# Anyone In Eastern Subs Able To Swap Bb Pale For Import Malt?



## Brewmeister70 (19/3/08)

I'm trying to make a Cooper Pale Ale clone over Easter but can't find a small enough quantity of Barrett Burston pale malt (5kg). All the retailers seem to carry JWM, which tastes different to my palate.

I have Bairds Maris Otter pale ale malt to swap or Weyermann's pils malt if anyone can help.

Travelling to your brewery is no problem (I live in Croydon, Vic)- I'm a desparate man!


----------



## johnno (19/3/08)

Hi Brewmeister70,
I'll happily give you as many kilos as you need. I don't want anything for it.

Only problem for you is that I am in Werribee. If you are willing to make the trip you can have it.
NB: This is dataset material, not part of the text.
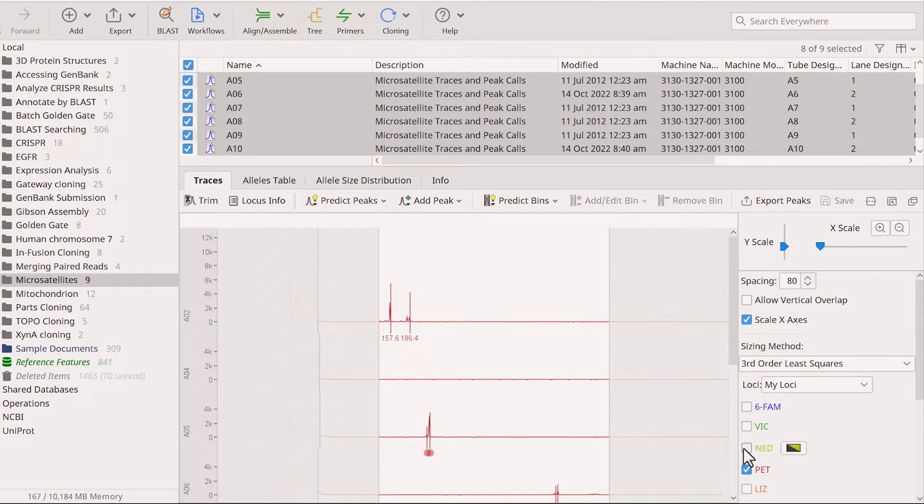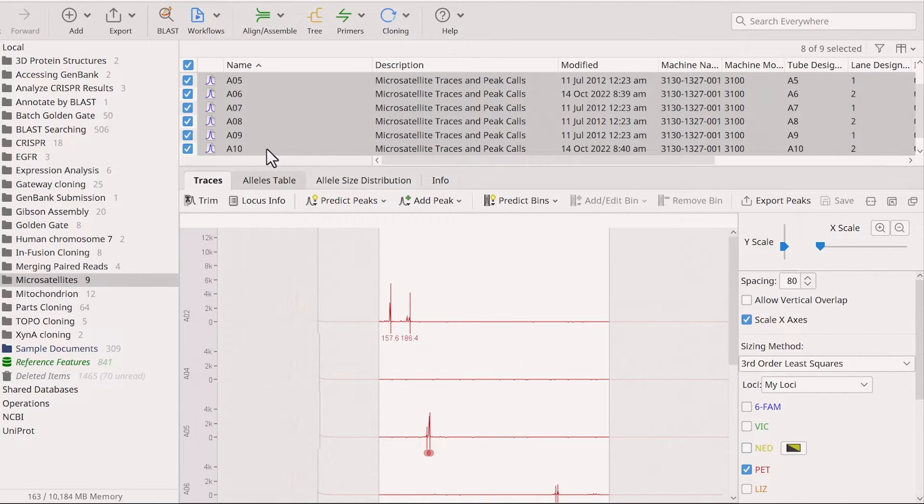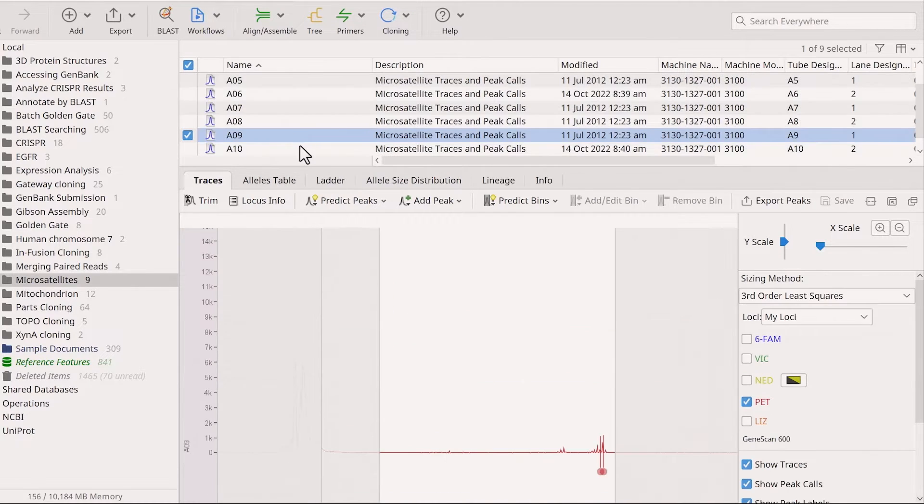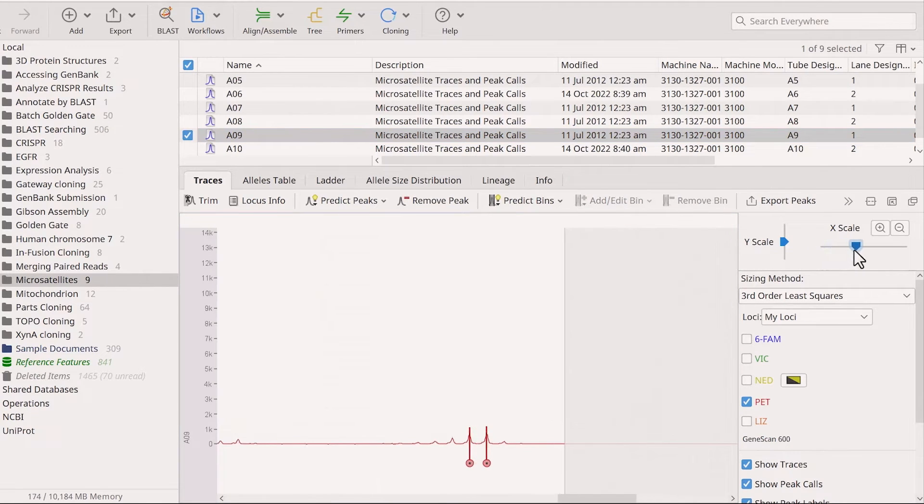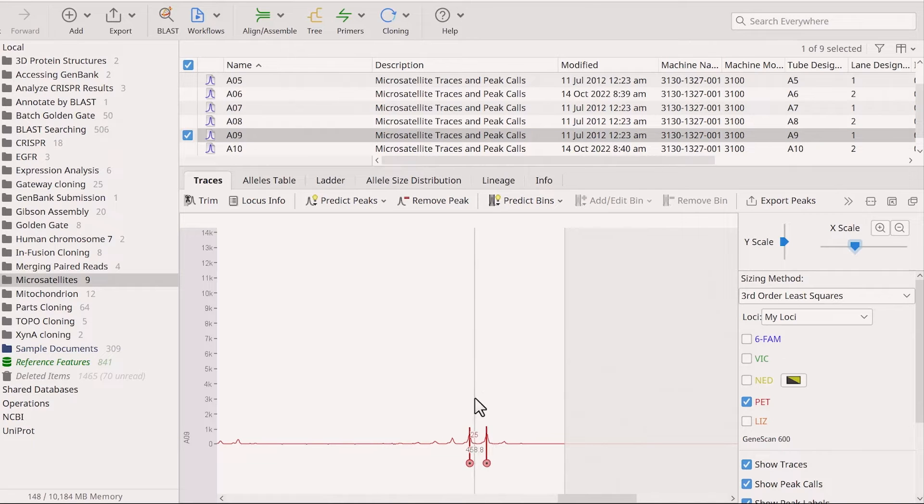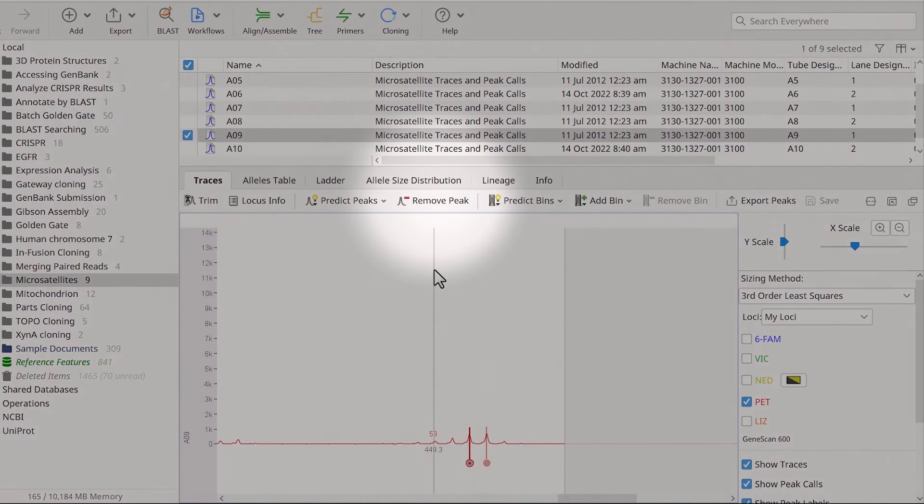For example, stutter peaks are minor peaks 1 to 4 repeat units away from the actual peak. To remove an incorrectly called stutter peak, select it and either press Delete or use Remove Peak.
Too bad it wasn't last weekend as I was in Mooroolbark all Saturday and could have bought it with me.

cheers
johnno


----------



## Brewmeister70 (20/3/08)

tHANKS jOHNNO

I will find out tonight when I get access to a car and reply then as to when I will be able to visit your brewery.

Are you sure you don't want any of my malt? I'd bring a beer but it's all fermenting or in a keg - a commercial one will have to suffice.

Message me with your address.

Thanks so much, 

Ian.


----------